### Task objective
Do any lines in the data below contain "metade"? If so, copy every one of them.

### Study material

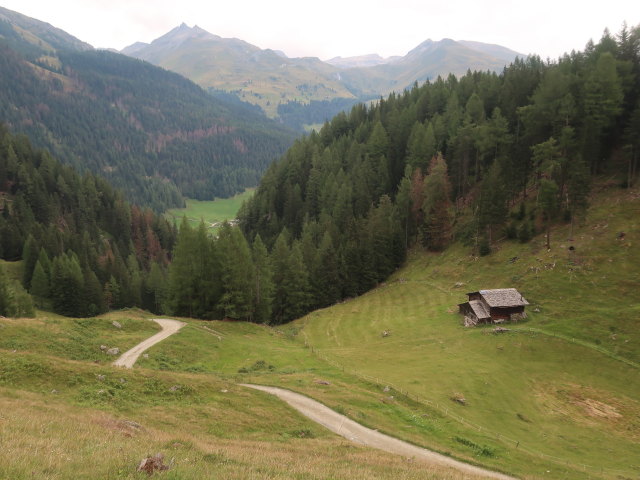 zwischen Breimiskaser und Gössnitzfall (15. Aug.)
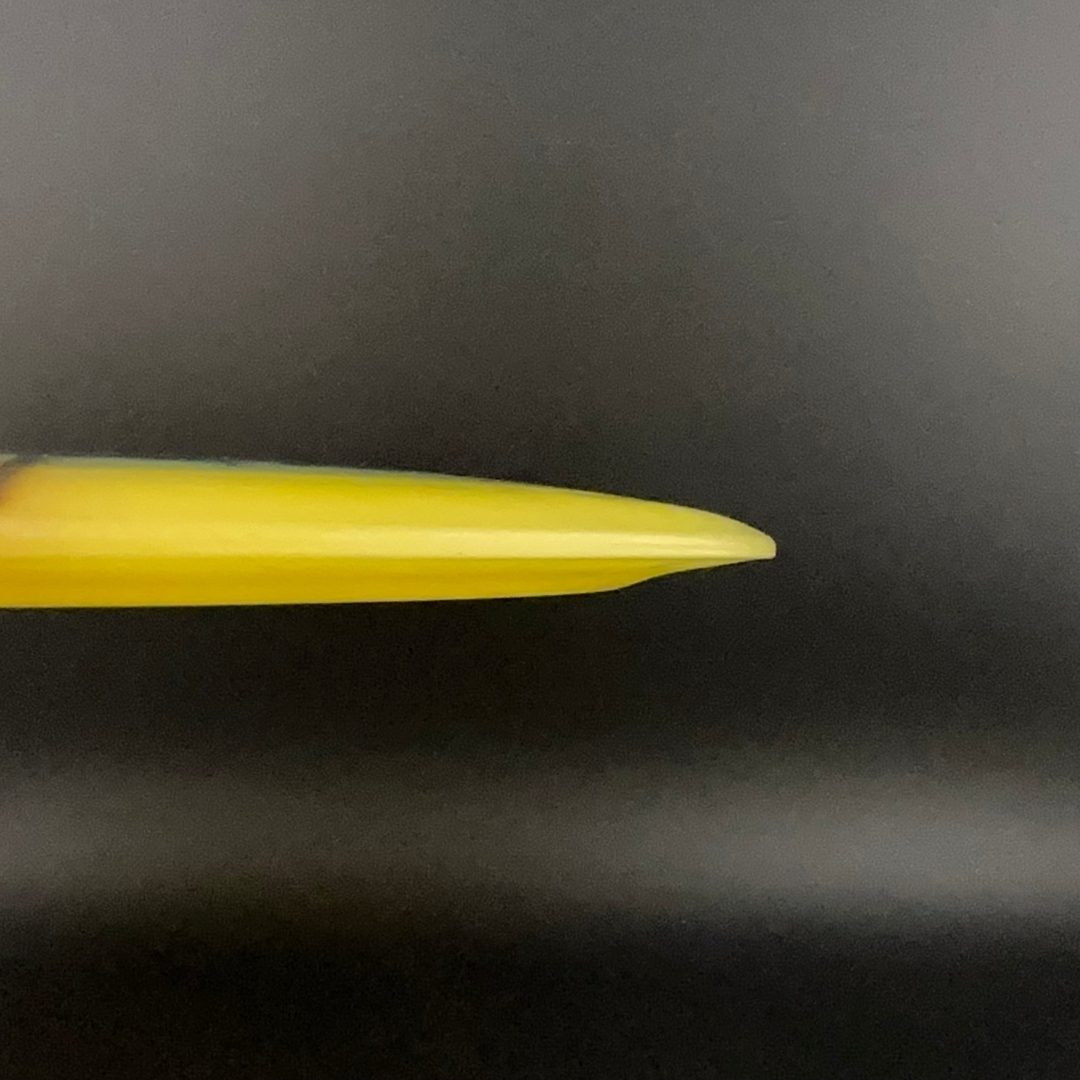 I-Dye Champion Boss - David Wiggins Jr 1108 World Record Innova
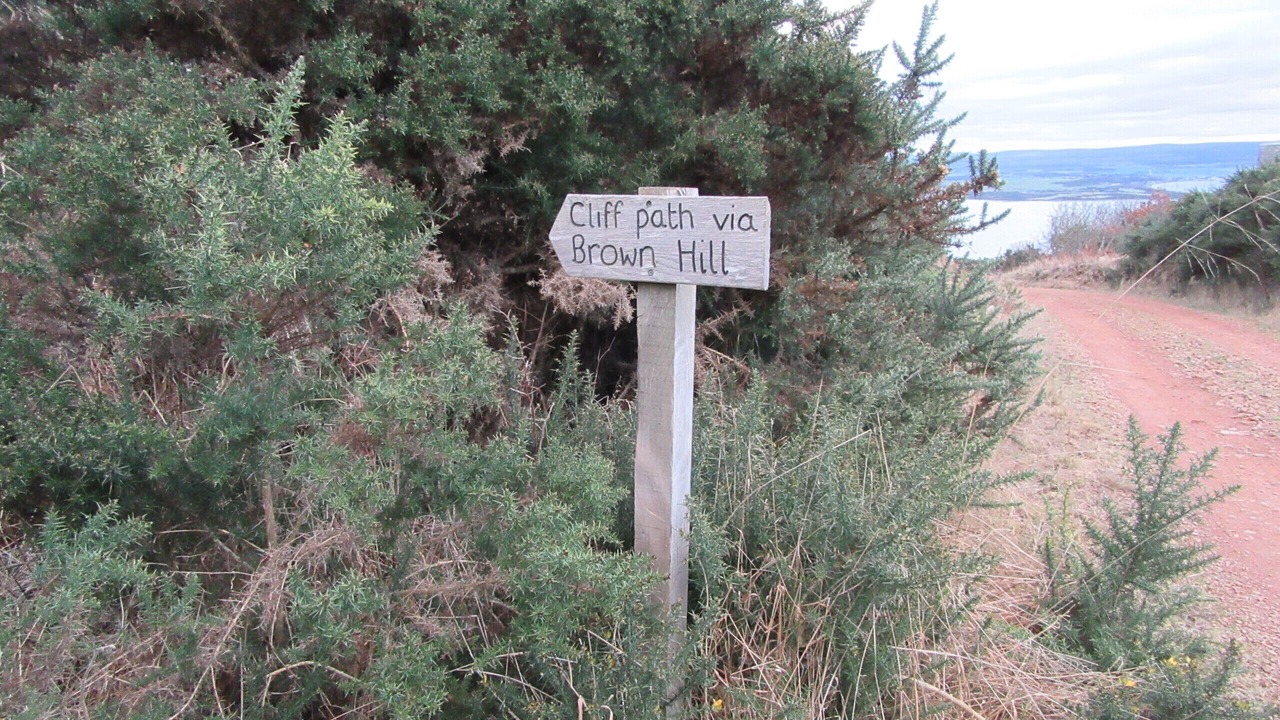 Photo of Others in Fortrose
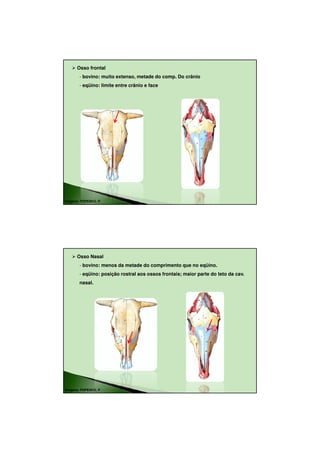 18/08/2010




      Osso frontal
        - bovino: muito extenso, metade do comp. Do crânio
        - eqüino: limite entre crânio e face




Imagens: POPESKO, P.




      Osso Nasal
        - bovino: menos da metade do comprimento que no eqüino.
        - eqüino: posição rostral aos ossos frontais; maior parte do teto da cav.
        nasal.




Imagens: POPESKO, P.




                                                                                            4
 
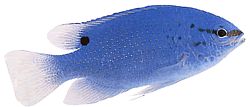 Pomacentrus caeruleus Blaugrüne Dame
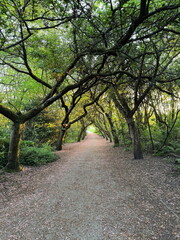 Fototapeta premium Quiet woodland path winding through trees and fresh greenery in Heaton Park, Manchester during spring.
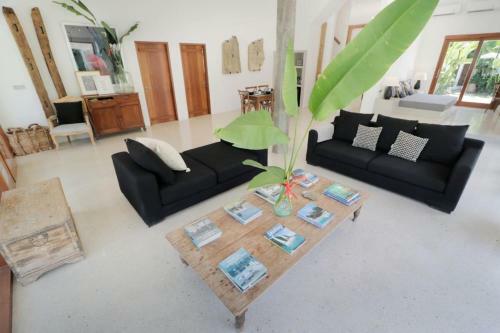 Amazing 3 Bedrooms Villa Canggu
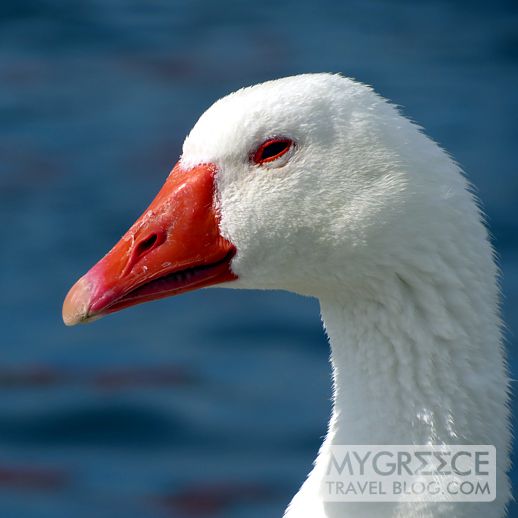 goose in Naoussa Paros
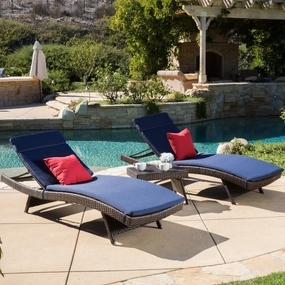 Outdoor 3-piece Wicker Adjustable Chaise Lounge Set with Cushions - NH439592 outdoor furniture, garden bench
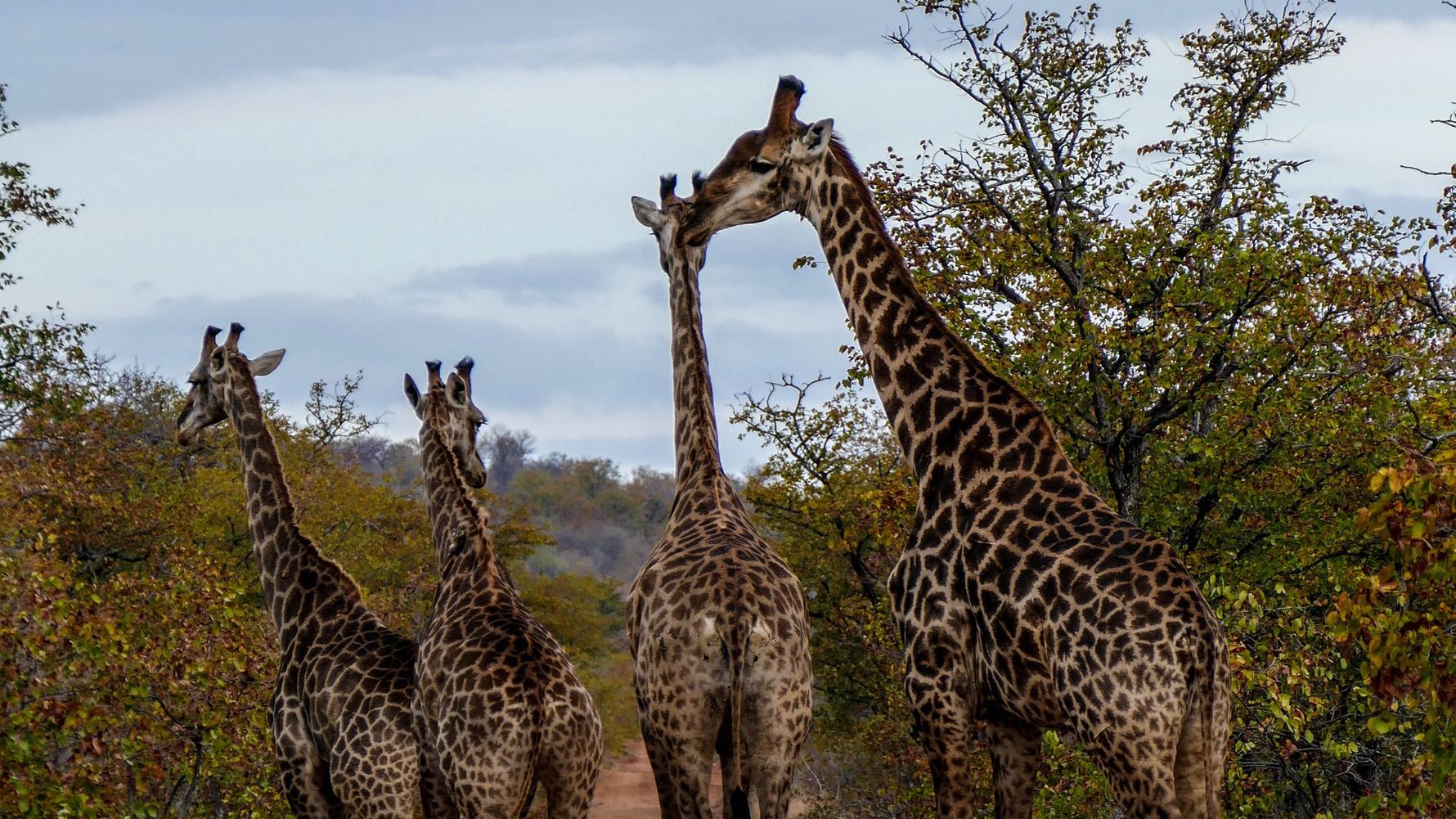 erfahrungsbericht-suedafrika-rangerausbildung-kundenfotos-giraffen-natucate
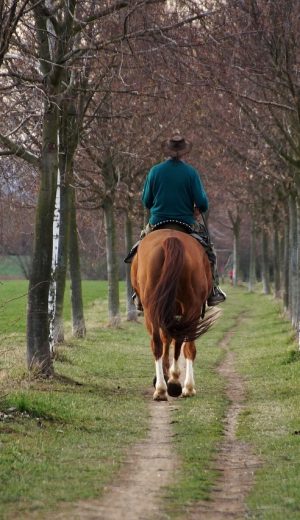 horse, nature, rider, vernal, spring, ride, cool, riding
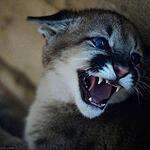 Трёхмесячный котёнок пумы в зоопарке «Чудесный» под Уссурийском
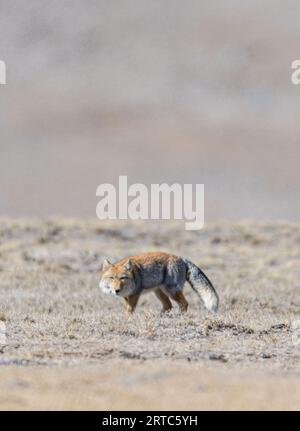 Renard de sable tibétain du lac gurudongmar, Nord Sikkim Banque D'Images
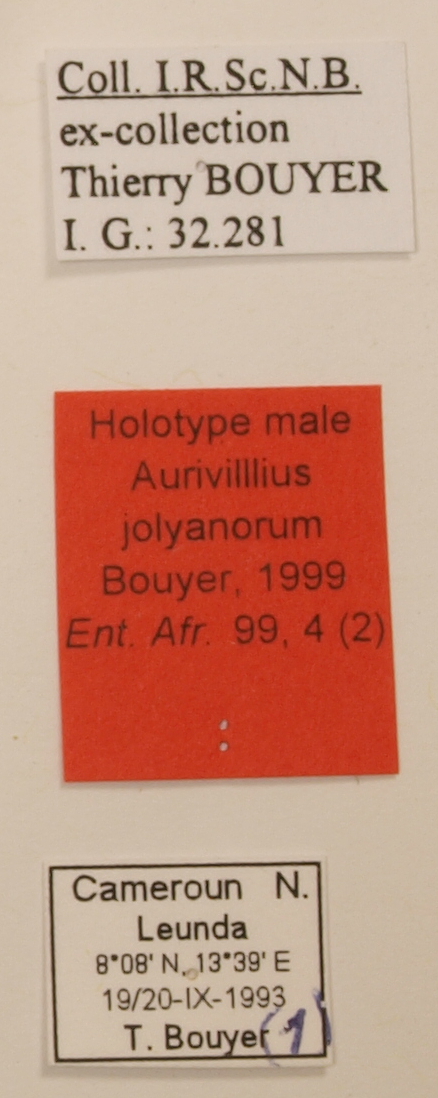 Aurivillius jolyanorum M Lb only.JPG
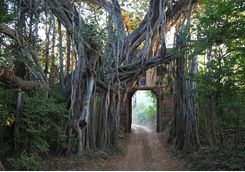 Ranthambore national park tree gate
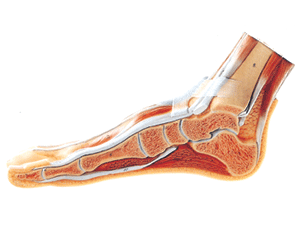 足正中矢状切面模型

### Written solution
        - bovino: muito extenso, metade do comp. Do crânio
        - bovino: menos da metade do comprimento que no eqüino.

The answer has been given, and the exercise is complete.